The accelerated air coming out has more energy than the air ahead of the engine, even at idle-power.
In constant speed level flight, the forward thrust acting on the jet engine(s) equals all the drag forces acting rearward on the airplane.
The thrust acting forward equals the force the mass flow rate exerts rearward. Neither is the cause (action) nor the effect (reaction), since it's a two-body system (engine and air).
The forces are perfectly simultaneous, and are there for the same reason.
The energy bit:
Energy (work) equals force times displacement.
A non-accelerating plane in mid-air, or a jet engine running on a fixed test stand, still has moving parts and a moving [steady] exhaust: displacement is happening.
Since we can't create energy and it has to be conserved:
Let's say the total energy leaving the combustor (heated accelerated dense air) is 10 pirate-ninjas, then say 5 of which drive the turbine and all what's connected to it (including the air at the compressor).

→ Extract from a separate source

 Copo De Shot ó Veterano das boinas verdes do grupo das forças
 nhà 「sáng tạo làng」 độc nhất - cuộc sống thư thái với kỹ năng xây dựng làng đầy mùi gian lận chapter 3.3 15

The other 5 leave the engine as an accelerated jet of air.
Say the compressor transfers 3 to the air, and all parts use 2 to rotate. The air comes with its 1 pirate-ninja of stored energy. The 3 gained by the air, now 4, meet the fuel in the combustor and release 10 (perfect lossless combustion, sorry). So, the energy stored in the fuel before combustion is 6.

(Own work)
The turbine-shaft-compressor is one body, the turbine absorbs 5, and transfers 3 of those to the air via the compressor, i.e., the engine parts absorb 2 to rotate, this is what you referred to as mechanical energy.
In other words—
The engine added 4 pirate-ninjas to the air from start to finish, giving the air added kinetic energy (mass flow rate), which translates to forward force as explained early on. In doing so, the engine spent 6 fuel, 2 of which to purely rotate the engine shaft, the other 4 went to the Δ mass flow rate.
The ratios above are not real, only illustrative. If you add more fuel, more energy will be released (excess oxygen is still available, that's how afterburners work), this energy will spin the engine faster, bringing in more air for a better efficient cool combustion.
The more efficiently the fuel energy is extracted, the more thrust we get. The properties of the air will have an impact; how dense is it, is the engine running on the ground, or is the plane transferring some of its kinetic energy into steady air resulting in ram-air energy, and so on.
So the ratios/percentages are not fixed, they depend on the operating conditions as well as the engine design (e.g., bypass ratio, compression ratio, etc.); even for the same type, different variants have different number of stages.